How to evaluate $\sum_{n=1}^{\infty} \frac{1}{n^2+4n+1}$

Question

How would we show that $$\sum_{n=1}^{\infty} \frac{1}{n^2+4n+1} = \frac{1}{6}(-2 -\pi \sqrt3 \cot(\pi \sqrt3))$$

I'm not sure how I'd go about it, but got the answer off wolfram alpha. Could someone lead me in the right direction?-series

Answer 1

The presence of the cotangent function together with the aspect of the general term of the given series suggest relations with the eulerian development of the cotangent:

for any complex number $z \in \mathbb{C}\setminus \pi\mathbb{Z}$ one has the series development: $$\mathrm{ctg}z=\frac{1}{z}+\sum_{n=1}^{\infty}\frac{2z}{z^2-\pi^2n^2}.$$

To begin with, since $n^2+4n+1=(n+2)^2-3$ the given series can be rewritten as: $$\sum_{n=1}^{\infty}\frac{1}{n^2+4n+1}=\sum_{n=3}^{\infty}\frac{1}{n^2-3},$$ through a very clear bijective change of summation variable.
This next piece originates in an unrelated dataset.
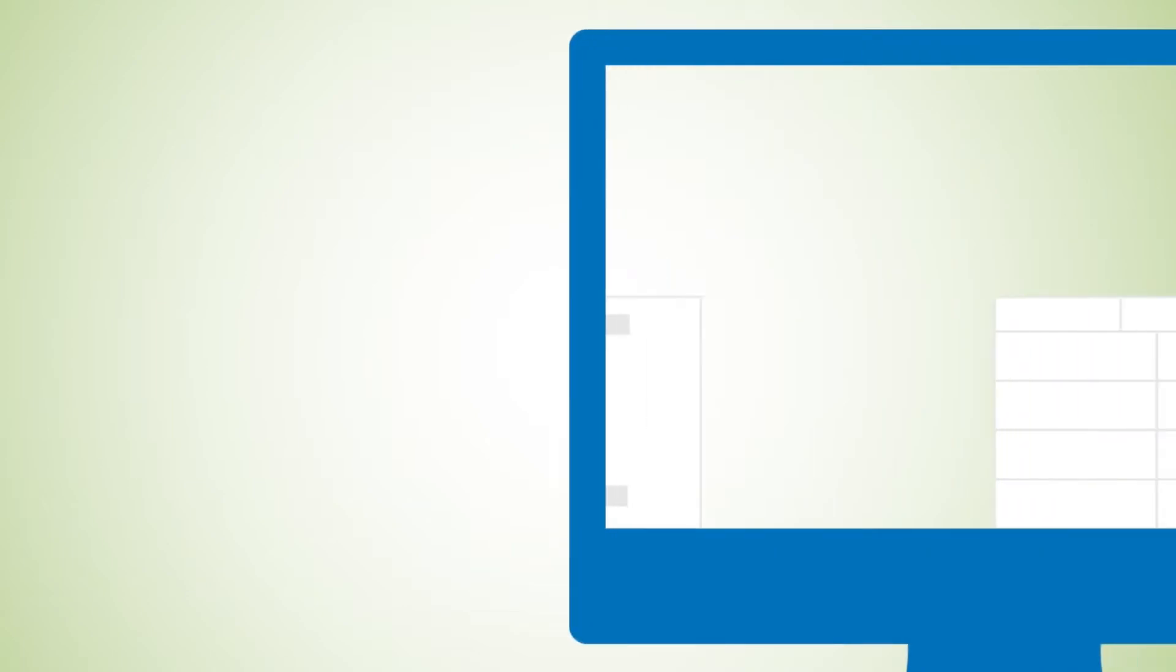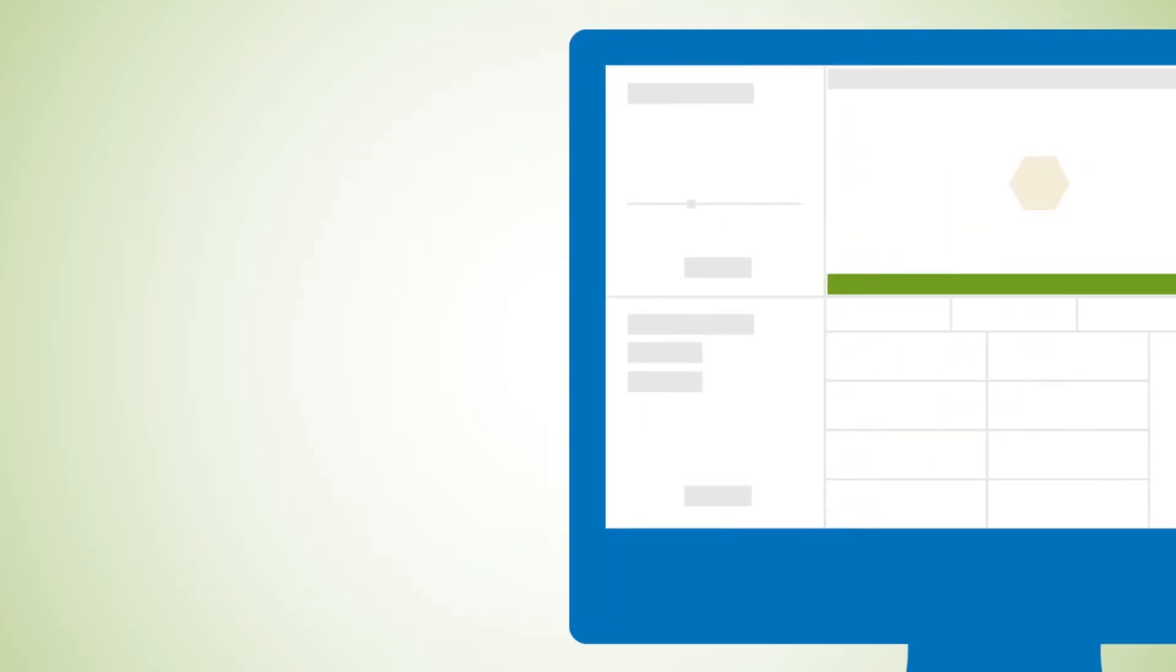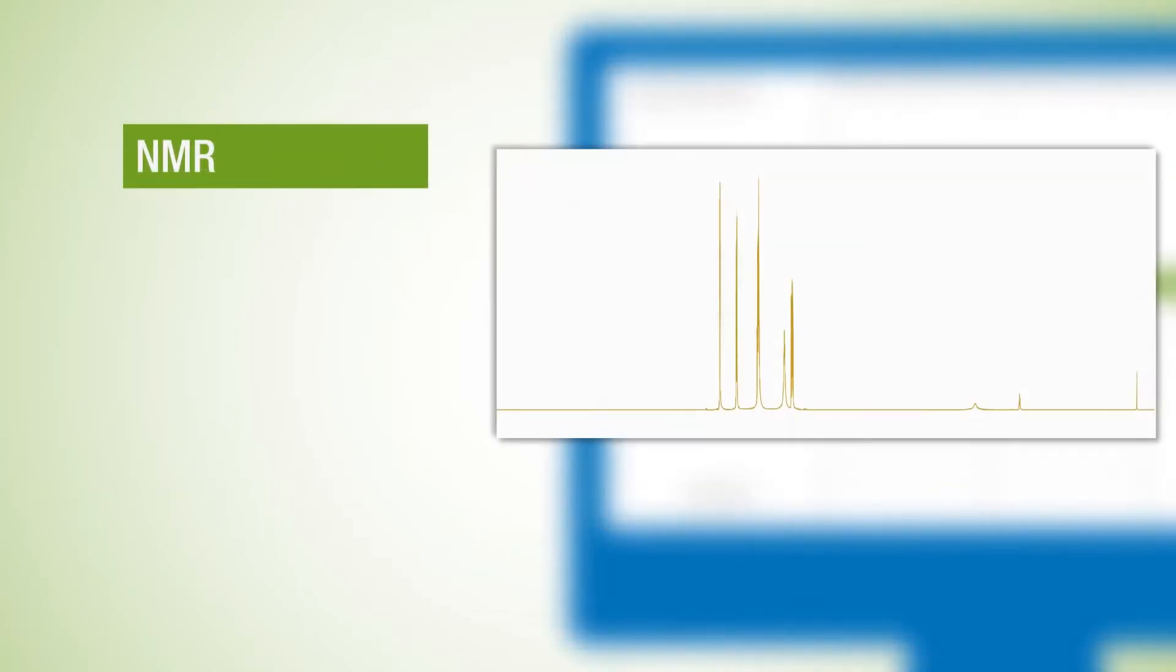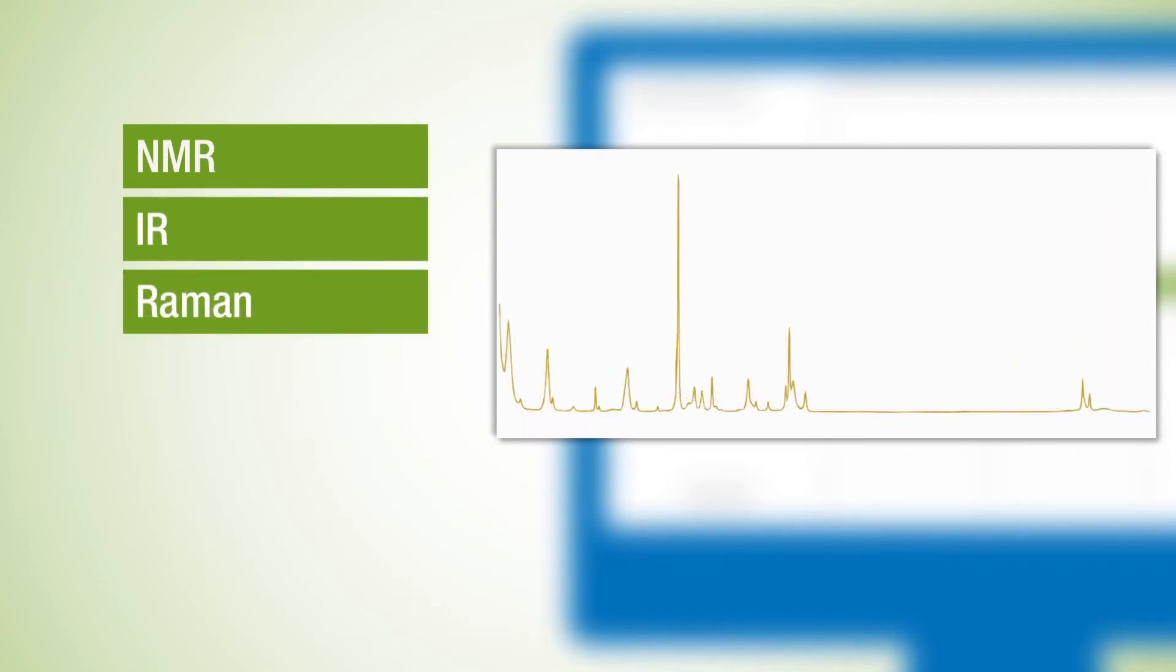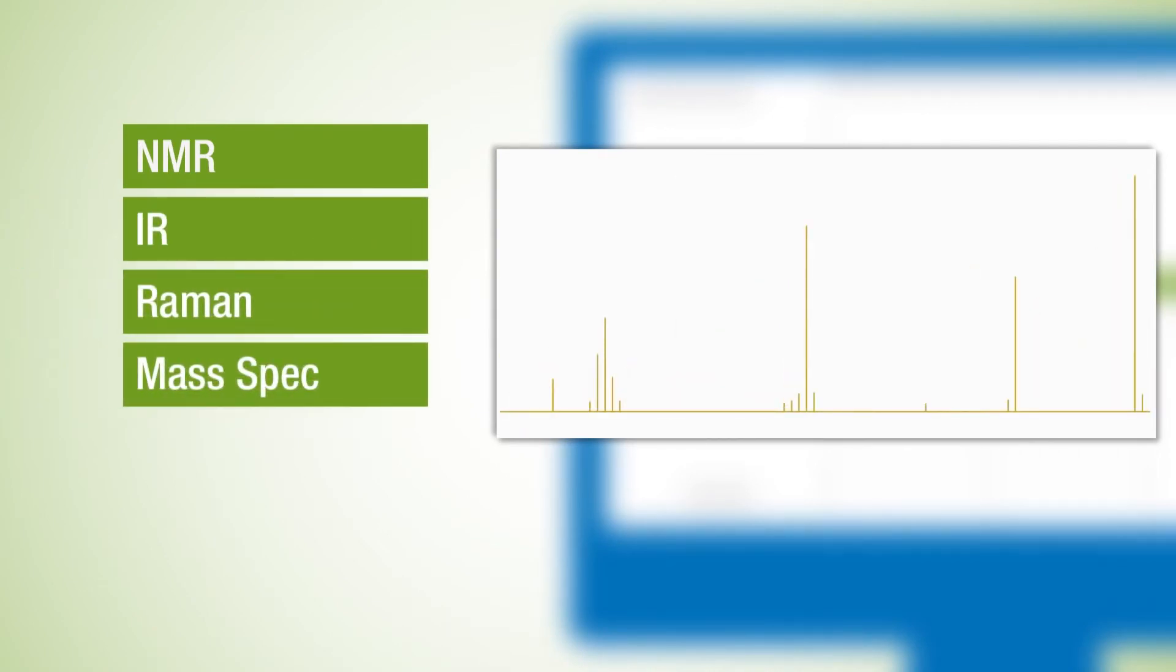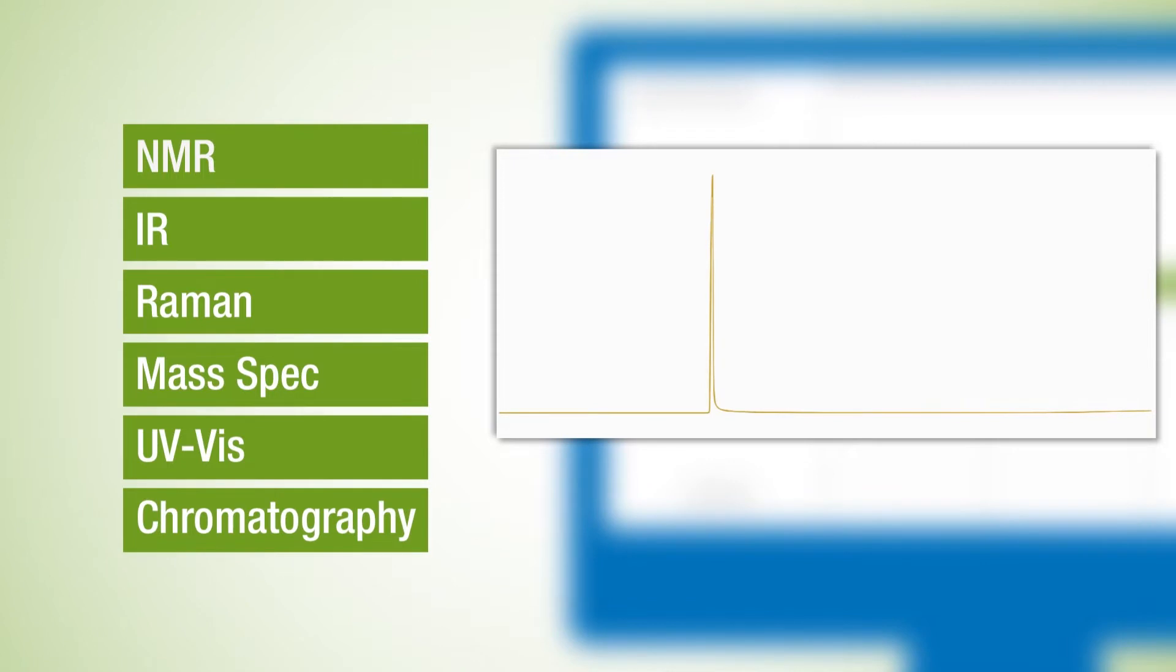It supports multiple instrument vendor file formats and techniques, including NMR, IR, Raman, MassSpec, UV-Vis, and chromatography.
Let us denote the sum of the series in question by $s$.

Taking $z=\pi\sqrt{3}$ in the forementioned development we obtain: $$\mathrm{ctg}(\pi\sqrt{3})=\frac{1}{\pi\sqrt{3}}+\frac{2\sqrt{3}}{\pi}\sum_{n=1}^{\infty}\frac{1}{3-n^2}=\frac{1}{\pi\sqrt{3}}+\frac{2\sqrt{3}}{\pi}\left(\frac{1}{2}+\frac{1}{-1}-s\right)$$ whence after an elementary rearrangement we gather: $$\sum_{n=1}^{\infty}\frac{1}{n^2+4n+1}=-\frac{1}{6}\left(2+\pi\sqrt{3}\mathrm{ctg}\left(\pi\sqrt{3}\right)\right).$$

Answer 2

$$S=\sum_{1}^{\infty} \frac{1}{n^2+4n+1}= \frac{1}{b-a} \left(\sum_{n=0}^{\infty} \frac{1}{n+a}-\frac{1}{n+b}\right) dx.$$ Here $a=2-\sqrt{3}, b=2+\sqrt{3}.$ Next, using integral tepresentation of: $1/z=\int_{0}^{1}t^{z-1} dt$, we get $$S=(b-a)^{-1}\int_{0}^{1}\sum_{n=1}^{\infty} [t^{n+a-1}-t^{n+b-1}] dt = (b-a)^{-1}\int_{0}^{1} \frac{t^{a}-t^{b}}{1-t}dt.$$ We have used $\sum_{1}^{\infty} z^n=\frac{z}{1-z},~if~|z|<1.$ Next using the definition of Harmonic numbers we can write $$S=H_b-H_a$$ I may get back again. Can some one take it from here?